Spain as an Import Jurisdiction

Miguel Virgós Soriano.

2006 Chambers Client Report, n.º 15


International arbitration, as international trade in services, is a game of “imports and exports”.

The 2003 Arbitration Act has done a great deal to promote Spain as a seat of choice where international arbitrations can take place in a stable and arbitration-friendly legal environment. The three pillars of the 2003 Act - procedural fairness, party autonomy and limited judicial intervention - are also the foundations of Spain as “export jurisdiction”: an attractive venue for the hosting of international arbitrations.

It is no secret that one of the main objectives of the Act has been to turn Spain into the “natural venue” for arbitrations linked to Latin America. Since it was enacted, the number of international arbitrations in Spain has grown steadily.

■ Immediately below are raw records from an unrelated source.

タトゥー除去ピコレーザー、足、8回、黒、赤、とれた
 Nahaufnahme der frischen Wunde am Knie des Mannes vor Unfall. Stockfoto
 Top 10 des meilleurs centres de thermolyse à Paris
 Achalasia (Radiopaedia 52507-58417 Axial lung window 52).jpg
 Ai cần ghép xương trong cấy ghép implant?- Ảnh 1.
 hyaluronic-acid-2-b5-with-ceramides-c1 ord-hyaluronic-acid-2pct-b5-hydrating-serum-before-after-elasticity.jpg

When it comes to acting as an “import jurisdiction”, Spain is also an open country. The Act does not implement a specific regime for the recognition and enforcement of arbitral awards; instead, it remits the matter to the 1958 New York Convention on the Recognition and Enforcement of Foreign Arbitral Awards, even with regard to non-signatory States.

The 1958 NYC establishes the obligation to recognize and enforce foreign arbitral awards but is silent with regard to the manner in which it is executed:  In Spain, in particular, it is necessary to obtain an exequatur of the foreign award from the local courts. The competent bodies to hear these exequatur proceedings are the courts of first instance (Juzgados de Primera Instancia e Instrucción and Juzgados de lo Mercantil). It should be noted, however, that the exequatur regime actually in place stems from the 19th century and is bound to be modified by the future International Judicial Cooperation Act (Ley de Cooperación Jurídica Internacional), still at an early drafting stage. 

The grounds for denial provided for in the 1958 NYC are exhaustive and well known to all. Case law reveals that the grounds most often alleged to oppose recognition of foreign awards in Spain are two: invalid or non-existent arbitration agreement (Art.V.1.a) and public policy (Art.V.2.b). But, as explained below, the fact is that only in very few instances have these grounds prevented recognition.   

As regards the former, Art. 9 of the Arbitration Act has cut down the formalities required by Art. II of the 1958 NYC and established for the validity of the arbitration agreement a conflict rule with alternative connecting factors operating in favor validitatis. Art. 9 also comes into play when recognition of foreign awards is sought, due to the “most-favourable provision clause” within the 1958 NYC, thereby reducing the range of application of this ground.

In relation to the latter, it is difficult to offer a specific definition of public policy. Given its role as a “general clause”, it has no independent meaning, deriving its content from other areas of the law. Its function is to inform the recognition and enforcement system with the fundamental principles and values inherent in the Spanish legal system and with other social principles (like morality), to uphold them.

However, these principles and values are not directly opposed to foreign awards so as to automatically deny their recognition. Public policy operates within the international cooperation system which is a public good that must be “produced” by the States: Without international cooperation, justice cannot cross over national borders. For this reason the principles and values inherent in international cooperation must be kept in view too, thereby requiring a balancing of both groups of principles. This explains why public policy is not applied in the same way when it comes to the domestic or the international sphere. Spanish courts have consistently acknowledged this by differentiating between “national” and “international” public policy.

International public policy includes both substantive and procedural principles. Substantively, it protects mandatory rules designed to serve public interests of social or economic nature (loi de police), such as anti-trust, capital market transparency or double-technology and weapon control, to name but a few. Notwithstanding, only rarely have Spanish courts denied recognition of foreign arbitral awards for this reason. This fact also shows that arbitral tribunals have always been careful not to issue awards contradictory to those interests. 

Procedural public policy includes fair notice, equal treatment of parties and fair opportunity to present one’s case. These rights enjoy constitutional protection and courts take special heed of them. Be that as it may, Spanish courts consider the conduct of the parties in the foreign proceedings to be of relevance. For instance, should a party strategically decide not to resort to the procedural remedies available under the applicable law, it may be precluded to reinstate the matter in the exequatur proceedings in Spain. In sum, Spanish courts apply public policy restrictively.